======== MATERIAL FOR THIS TASK ========

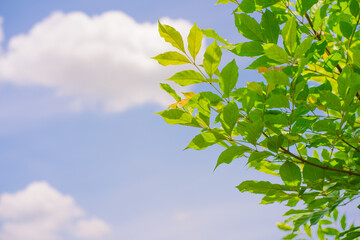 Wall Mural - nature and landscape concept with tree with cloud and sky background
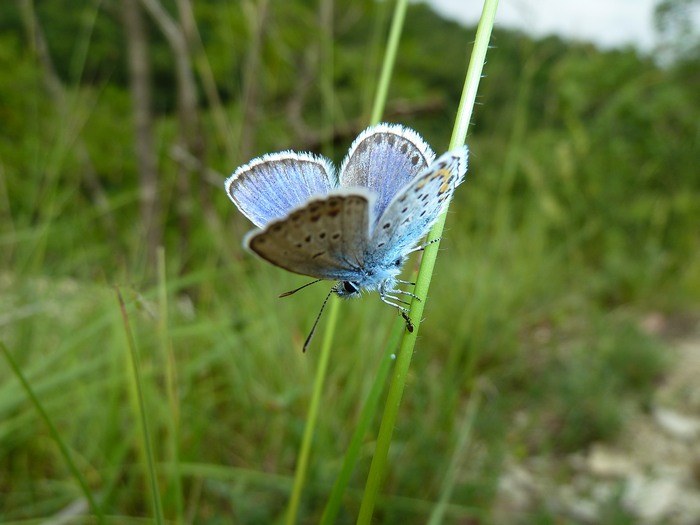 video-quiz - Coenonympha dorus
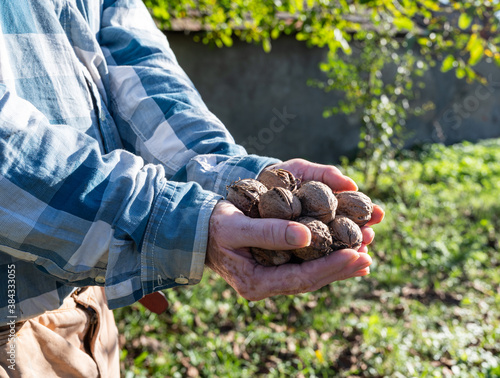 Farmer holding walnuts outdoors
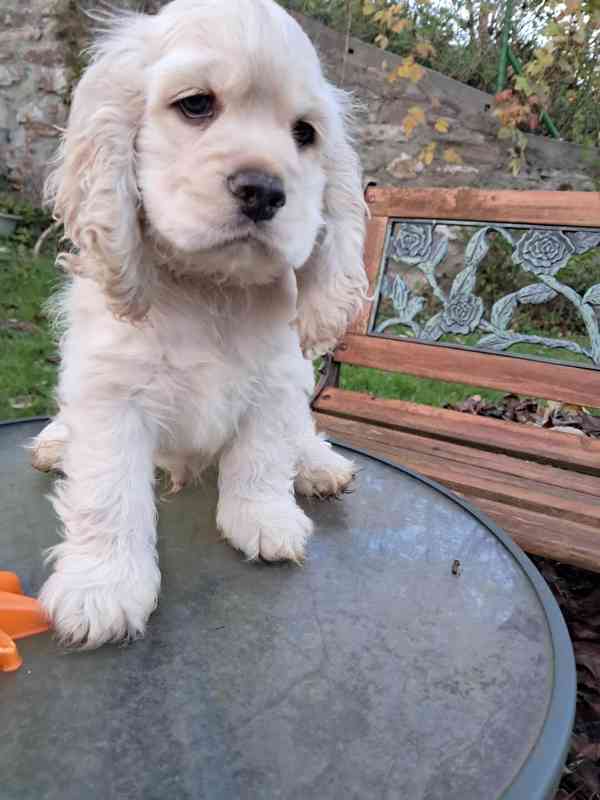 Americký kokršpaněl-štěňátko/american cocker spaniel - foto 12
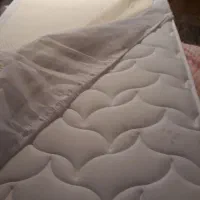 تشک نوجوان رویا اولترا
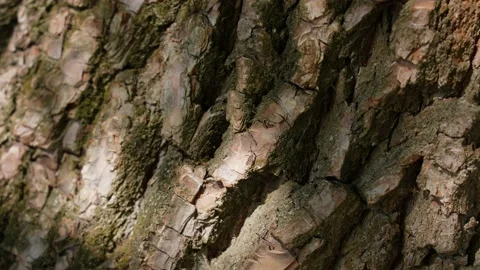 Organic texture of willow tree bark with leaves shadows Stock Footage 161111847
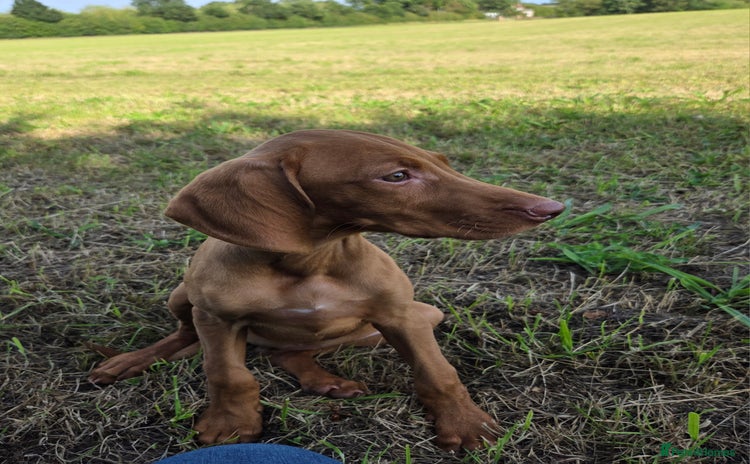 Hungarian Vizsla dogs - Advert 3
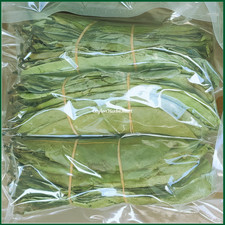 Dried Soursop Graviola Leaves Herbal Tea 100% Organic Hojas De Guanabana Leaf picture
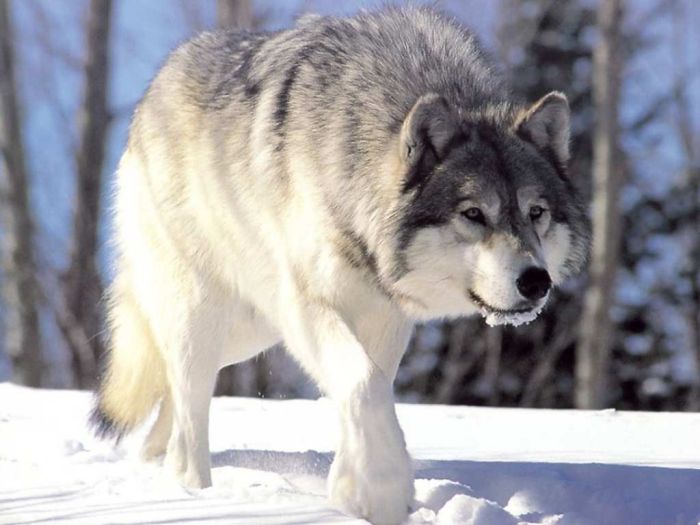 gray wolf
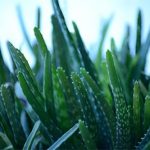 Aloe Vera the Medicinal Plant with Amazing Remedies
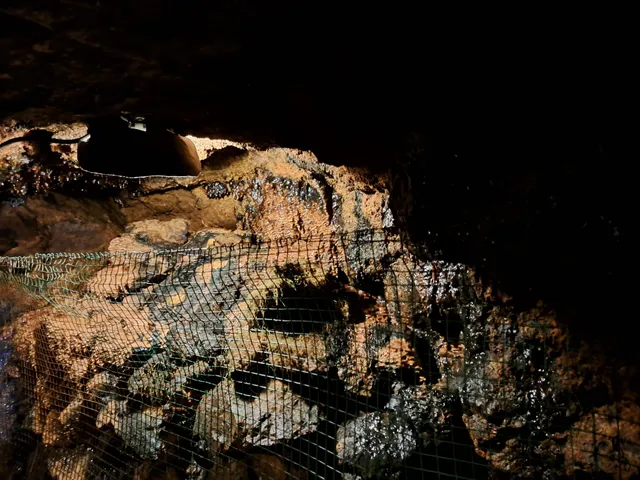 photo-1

========
======== MATERIAL FOR THIS TASK ========

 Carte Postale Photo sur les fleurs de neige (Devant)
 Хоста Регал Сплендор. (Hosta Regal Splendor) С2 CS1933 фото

========

YOUR TASK | Once you find the line with "Carte Postale Photo" in the entries above, output it and each line after it up to and including the line with "Хоста Регал Сплендор.", and nothing else.

TASK RESULT |
 Carte Postale Photo sur les fleurs de neige (Devant)
 Хоста Регал Сплендор. (Hosta Regal Splendor) С2 CS1933 фото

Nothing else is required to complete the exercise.